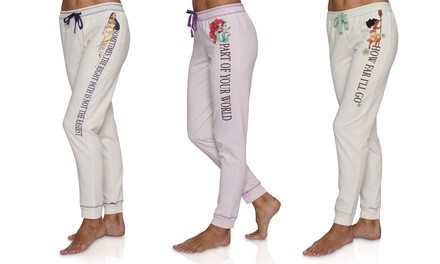 Disney Princess Characters Women's Lounge or Sleep Pants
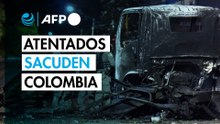 Atentados marcan el primer día del nuevo gobierno de Colombia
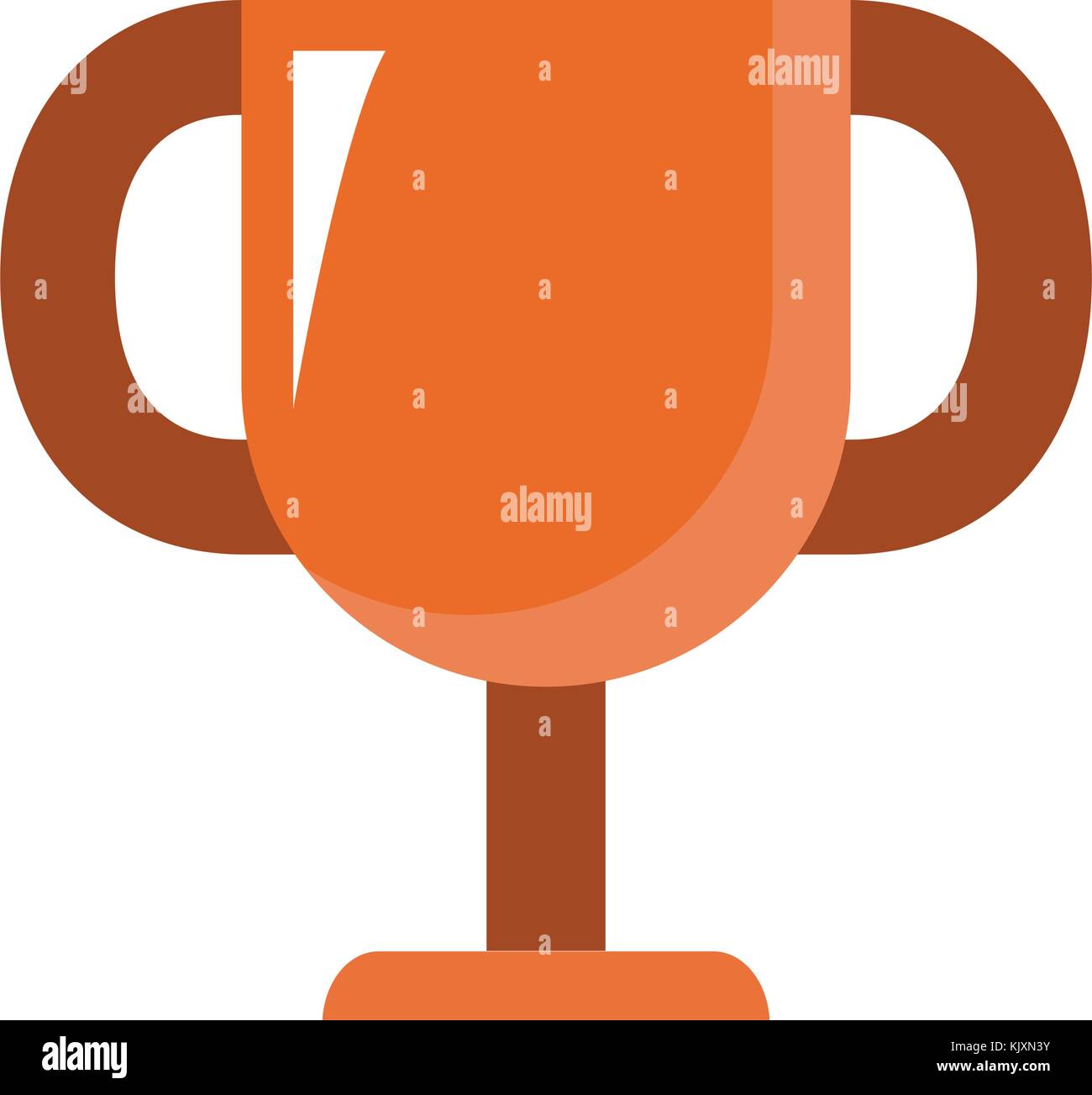 trophy cup icon Stock Vector Image & Art - Alamy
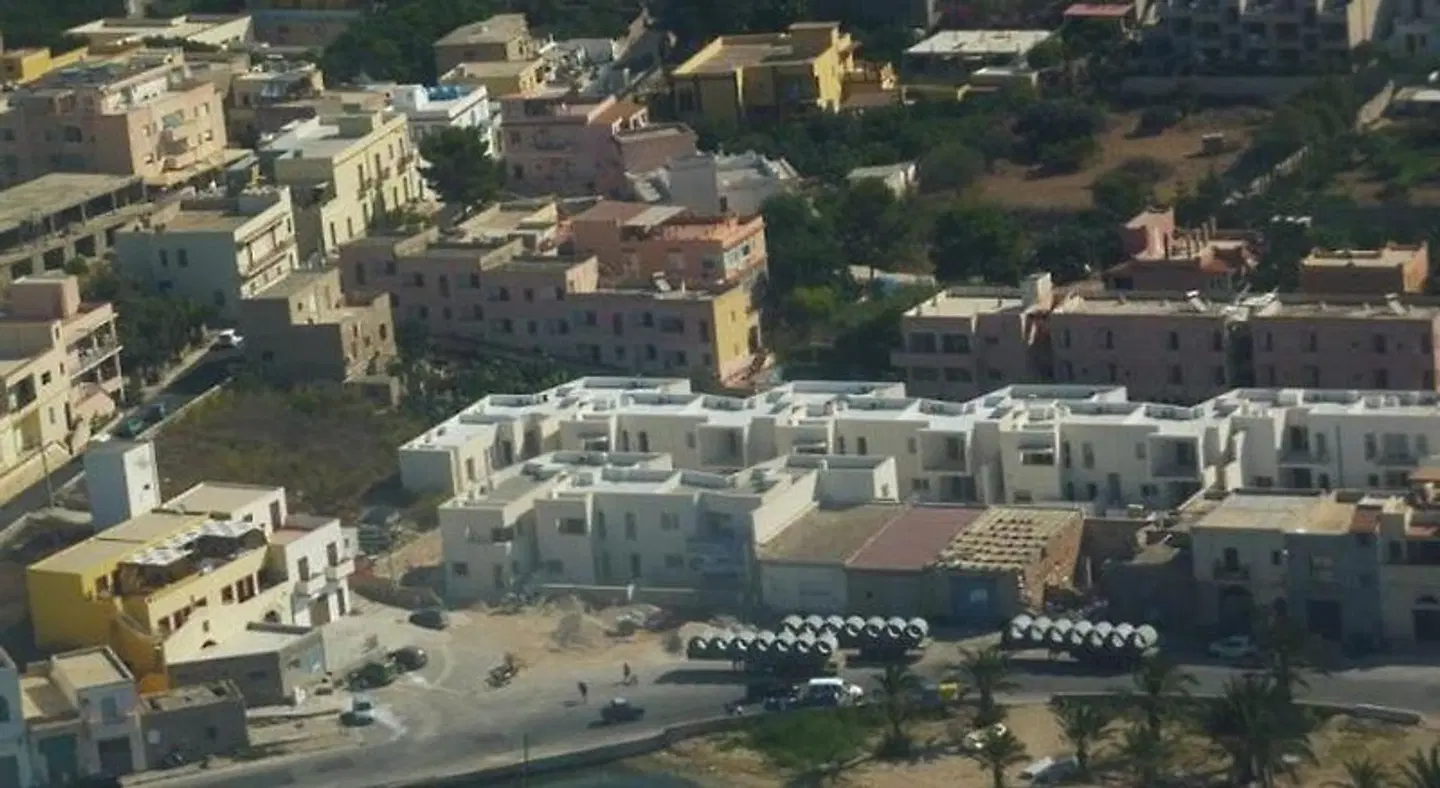 Hotel O'scià EXTERIOR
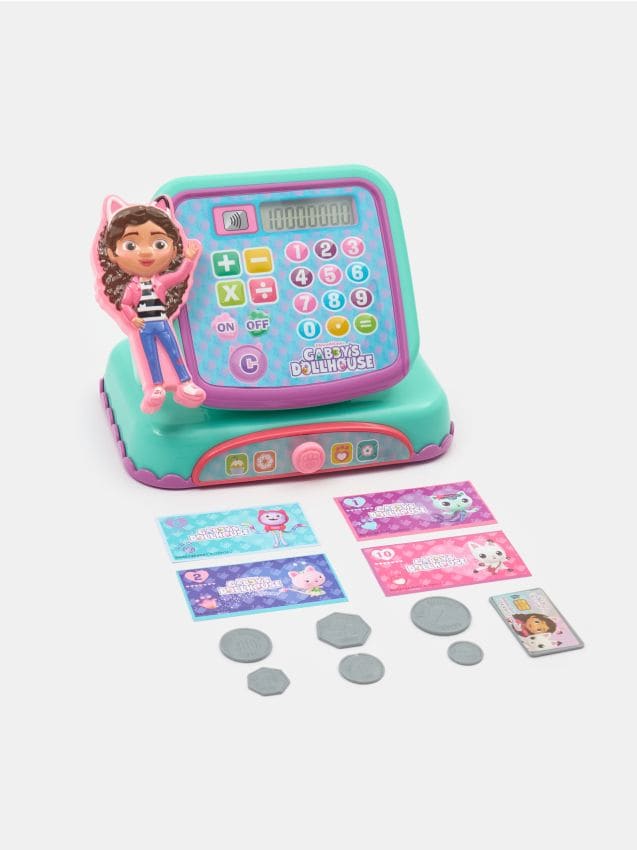 Sinsay - Hračka – Pokladňa Gabby's Dollhouse - viacfarebná
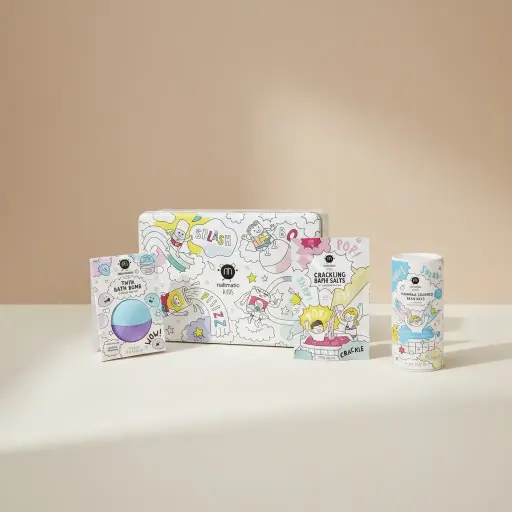 Nailmatic Metal Bath Gift Set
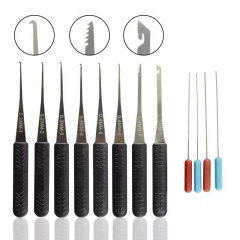 12 Pcs lock pick set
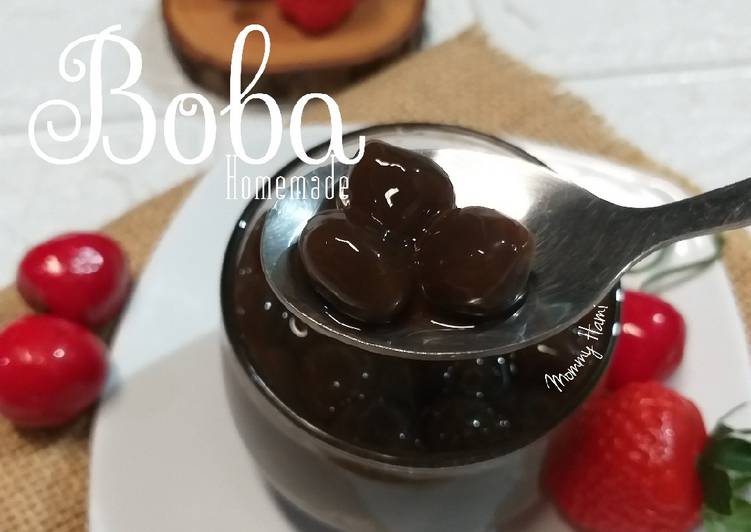 Boba Homemade
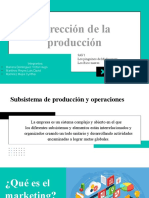 9AV1-Dirección de La Producción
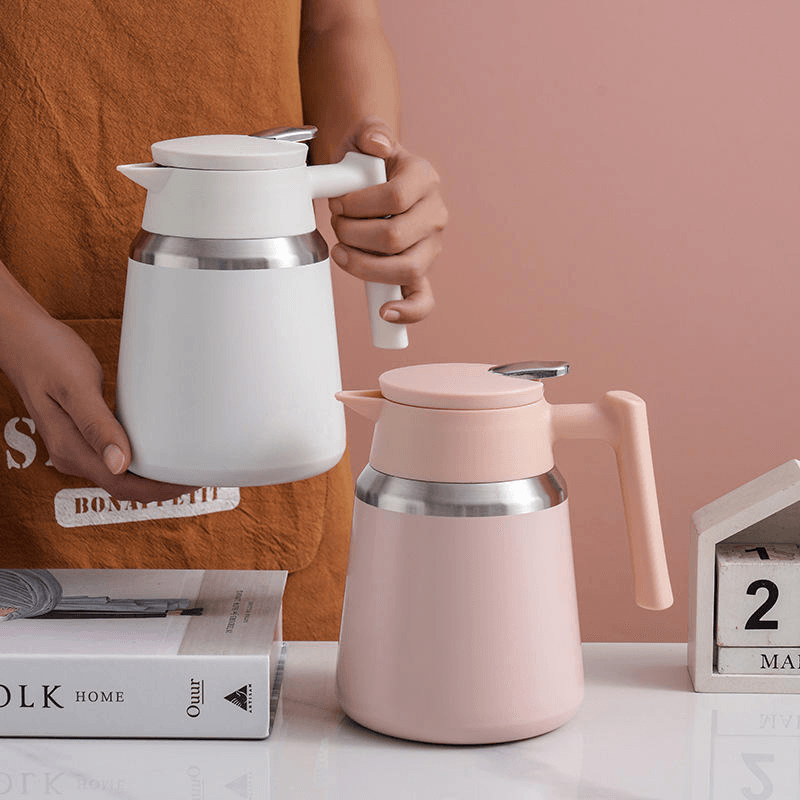 Stainless Steel Vacuum Flask Household Pot - 1100ml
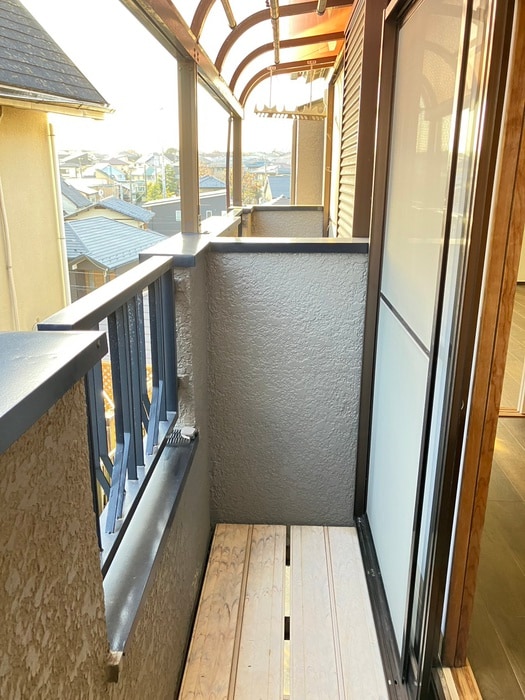 ベランダ・バルコニー 船橋市旭町戸建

* * * * * * * * *

> [Instructions for the task]: What the answer needs is every line from the one containing "Sinsay - Hračka" through the final line of the data above, copied exactly, without pictures.

> [Completed task]:
 Sinsay - Hračka – Pokladňa Gabby's Dollhouse - viacfarebná
 Nailmatic Metal Bath Gift Set
 12 Pcs lock pick set
 Boba Homemade
 9AV1-Dirección de La Producción
 Stainless Steel Vacuum Flask Household Pot - 1100ml
 ベランダ・バルコニー 船橋市旭町戸建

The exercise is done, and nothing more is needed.